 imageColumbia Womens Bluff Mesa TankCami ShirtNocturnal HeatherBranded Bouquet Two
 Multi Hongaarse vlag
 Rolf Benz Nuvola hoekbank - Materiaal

---

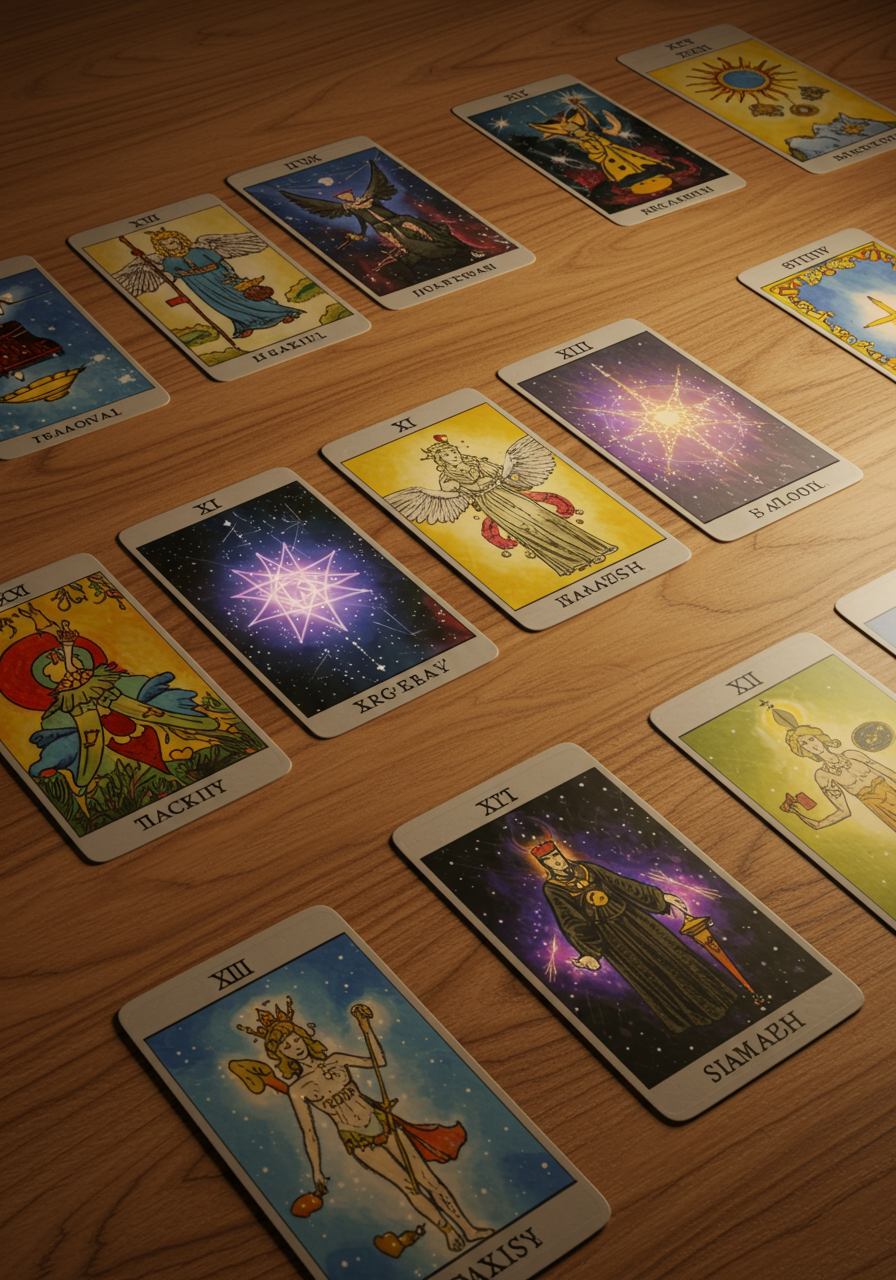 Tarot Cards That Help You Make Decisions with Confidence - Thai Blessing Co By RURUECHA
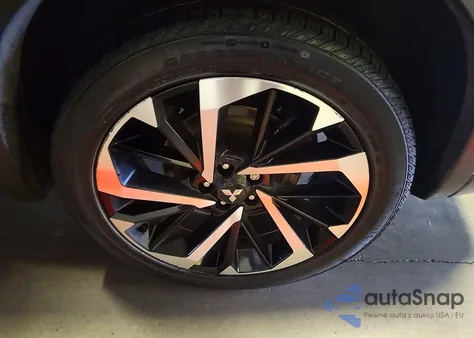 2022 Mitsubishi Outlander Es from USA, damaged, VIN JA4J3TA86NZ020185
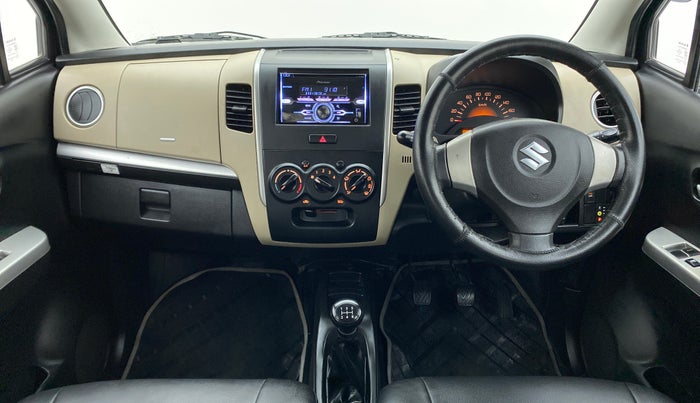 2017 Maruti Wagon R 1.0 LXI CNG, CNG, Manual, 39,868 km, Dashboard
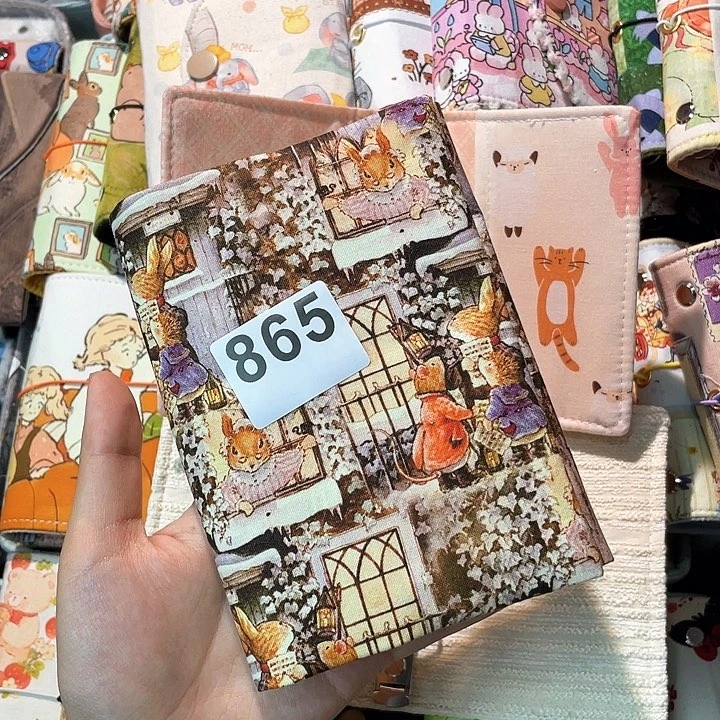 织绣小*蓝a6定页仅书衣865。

■ **Task item**
Return only the part of the records above that opens with the line containing "imageColumbia Womens Bluff" and closes with the line containing "Rolf Benz Nuvola hoekbank - Materiaal", ends included.

■ **Solution for this problem**
 imageColumbia Womens Bluff Mesa TankCami ShirtNocturnal HeatherBranded Bouquet Two
 Multi Hongaarse vlag
 Rolf Benz Nuvola hoekbank - Materiaal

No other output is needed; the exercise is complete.